Several of May’s colleagues, including Education Minister Anne Milton, and former ministers Amber Rudd, Nicky Morgan, Justine Greening and Maria Miller, think she should intervene.
Labour, meanwhile, has said it is looking at ‘legislative options’ in Westminster to change the Northern Ireland abortion law.
All seem to agree that the prime minister must either introduce reform in the Commons and give MPs a free vote, or impose a plebiscite on Northern Ireland.
This would surely find backing among many Ulster voters, but that still makes it wrong. The leaders of the DUP and Sinn Fein might need their heads knocked together for their failure over the past year to govern themselves.
And it’s fair to say they don’t deserve devolution if they can’t find a way to make it work. But that doesn’t alter the fact that they have devolution.
Imagine how our devolved regime in Scotland would react if a Tory government in London rode roughshod over Northern Ireland’s home rule act. It would be a gift to the Scottish Nationalists, providing concrete proof of Westminster’s tendency to power grab.
And what confusion would reign if May ordered a ballot over abortion in Northern Ireland but refused one on independence north of the border.
The principles of the constitution aside, she cannot, of course, afford to risk upsetting the DUP leader, Arlene Foster. Since last year’s general election, the weakened Conservatives have depended on the Ulster Unionists. Now, with Brexit ongoing, May needs their votes more than ever.

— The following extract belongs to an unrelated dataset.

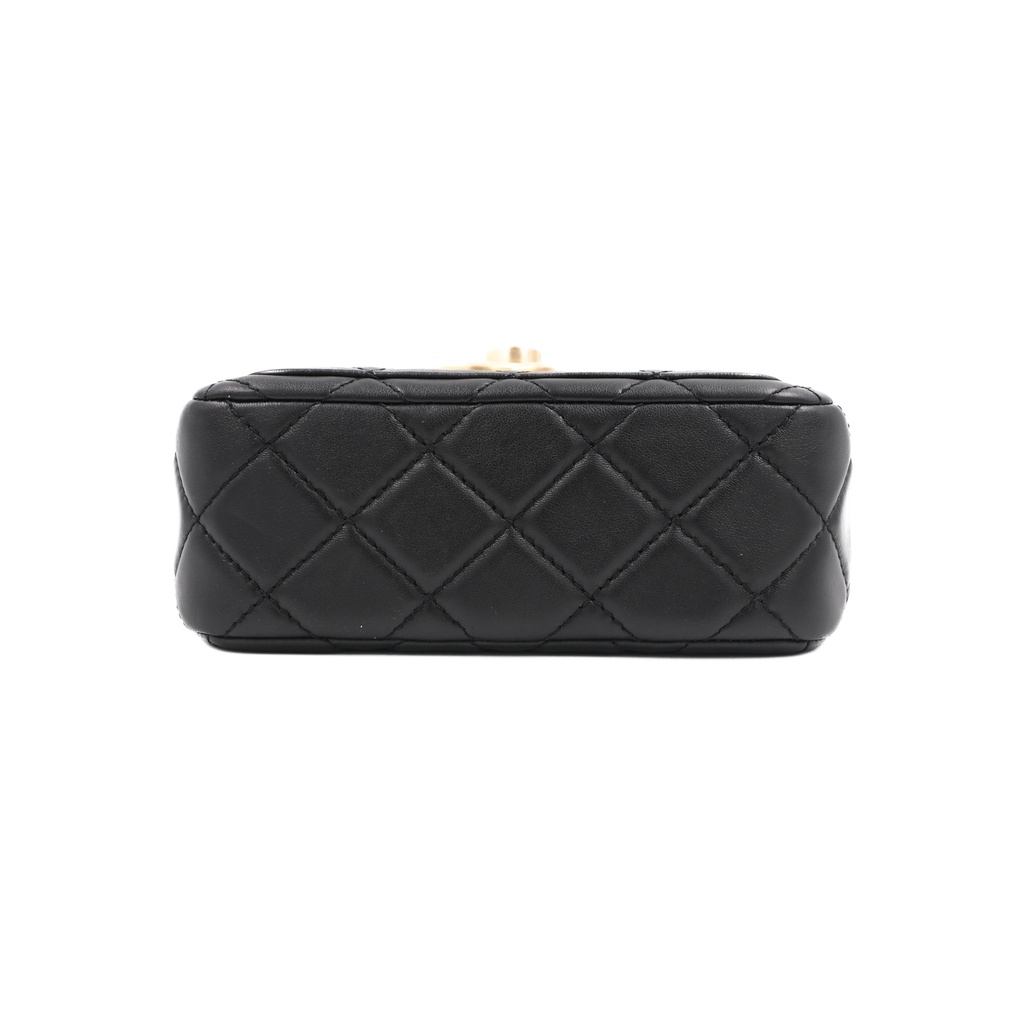 Chanel Black Matelasse Coco Mark Shiny Lambskin Flap Chain Shoulder Bag
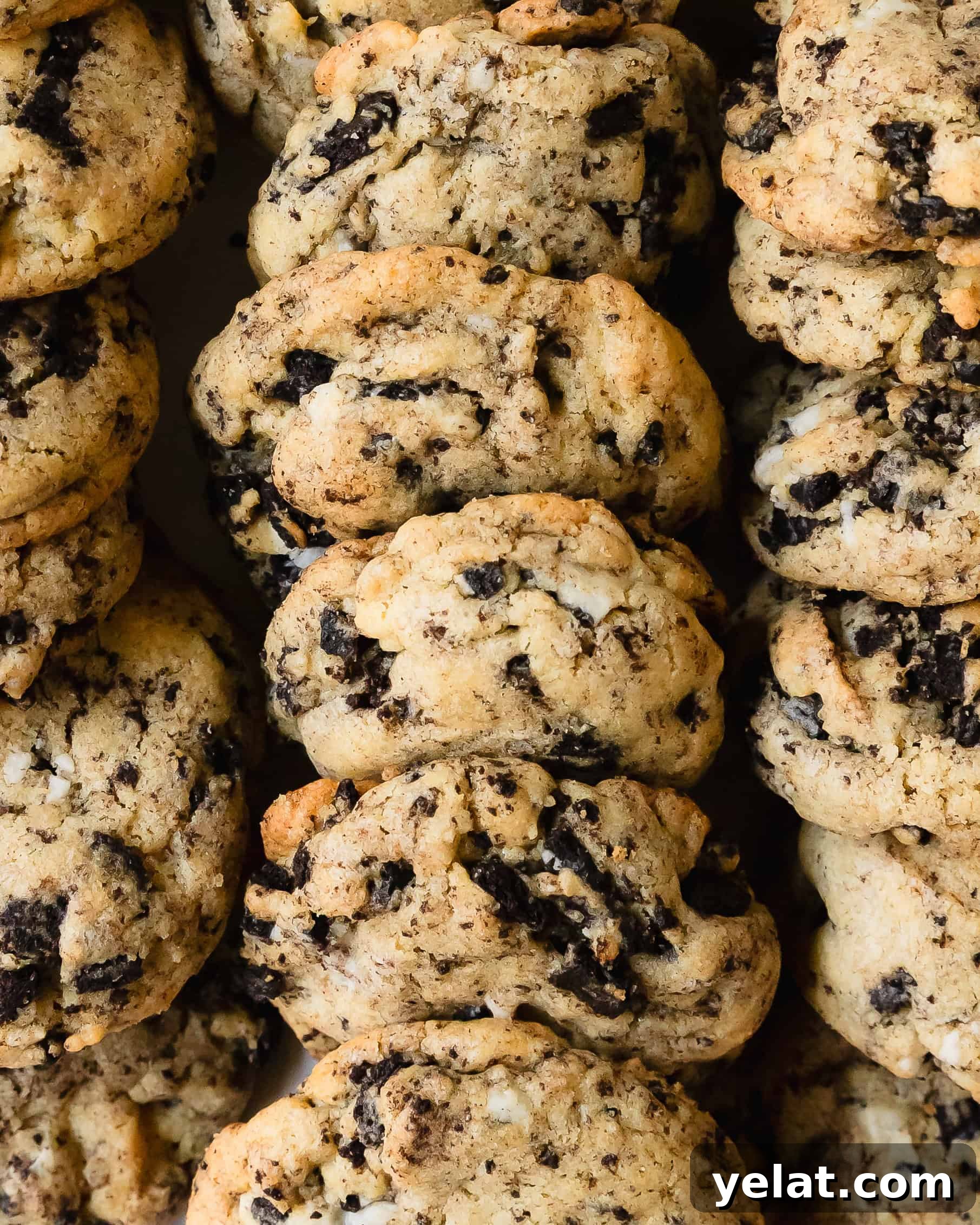 Cookies & Cream Sandwich Cookies: How to Make Oreo-Style Treats 2 Cookies and cream cookies are soft and buttery cookies filled with Oreo cookies and pieces of sweet cookies and cream chocolate. This cookies and cream cookie recipe is super easy to make and is a most delicious way to enjoy the classic cookies and cream flavor combination.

The DUP is pro-life, although Sinn Fein apparently backs a change in the law, and Foster has made it clear she will not be told by Downing Street, or anyone else, how she should react to the Dublin vote.
“It is an extremely sensitive issue and not one that should have people taking to the streets in celebration,” she said.
This may be a minority view in the British Isles but it is hardly a surprising one from the DUP. So it is foolish of May’s colleagues, and cynical of the Labour opposition, to demand action that could jeopardise the fragile alliance between the Tories and the Ulster MPs.
Shami Chakrabarti, the former director of Liberty and now one of Jeremy Corbyn’s closest allies, was on TV wringing her hands at the awfulness of Northern Ireland’s rules on abortion.
This is the woman who Corbyn employed to whitewash over charges of anti-Semitism in Labour (for which, it is alleged, she accepted a peerage as payment) and, incidentally, one of those icons of the Left who oppose private education, except in the case of her son.
Her liberal credentials are not what they were. The likes of Chakrabarti want May to antagonise the DUP in order to bring down the government and make way for Corbyn. That much is obvious. But is that what her own party wants too?